The dispute began in 2007 when Chad Farnan, then a 15-year-old sophomore in Corbett's class, took issue with comments about creationism the teacher made during his lectures.

"Aristotle … argued, you know, there sort of has to be a God. Of course that's nonsense," Corbett said according to a transcript of his lecture. "I mean, that's what you call deductive reasoning, you know. And you hear it all the time with people who say, ‘Well, if all this stuff that makes up the universe is here, something must have created it.' Faulty logic. Very faulty logic."

He continued: "The other possibility is, it's always been there.… Your call as to which one of those notions is scientific and which one is magic."

"All I'm saying is that, you know, the people who want to make the argument that God did it, there is as much evidence that God did it as there is that there is a giant spaghetti monster living behind the moon who did it," the transcript says.

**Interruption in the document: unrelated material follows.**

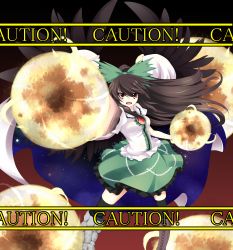 Rule 34 | 1girl, absurdres, arm cannon, black hair, bow, breasts, cape, female focus, foreshortening, hair bow, highres, kazami chiu, long hair, open mouth, red eyes, reiuji utsuho, solo, thighhighs, third eye, touhou, weapon, wings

Corbett told his students that "real" scientists try to disprove the theory of evolution. "Contrast that with creationists," he told his students. "They never try to disprove creationism. They're all running around trying to prove it. That's deduction. It's not science. Scientifically, it's nonsense."

Corbett told his students of a lawsuit in 1994 brought by a high school biology teacher who wanted to teach creationism in the public school system in addition to teaching the required course material on evolution. The courts in that case upheld a school district directive that the biology teacher must not teach creationism in science class.

In the 1994 case, the Ninth Circuit ruled that religious neutrality required that the biology teacher's positive views of religious ideas must be excluded from public school instruction. But in 2011, a different panel of the Ninth Circuit ruled that the history teacher's hostile views of religion and faith must be permitted to protect the "robust exchange of ideas in education."

"Farnan asserts that it has been clearly established for many years that the government must remain neutral with regard to religion, and it may not show its disapproval of religion," Fisher said.

"This overbroad proposition, cast at a high level of generality, is just the sort of sweeping statement of the law that is inappropriate for assessing whether qualified immunity applies," the judge said.

Because the law was not clearly established, the panel said, they need not assess the underlying constitutional issue.

"At some point a teacher's comments on religion might cross the line and rise to the level of unconstitutional hostility," Fisher wrote.

"But without any cases illuminating the dimly perceived line of demarcation between permissible and impermissible discussion of religion in a college level history class, we cannot conclude that a reasonable teacher standing in Corbett's shoes would have been on notice that his actions might be unconstitutional."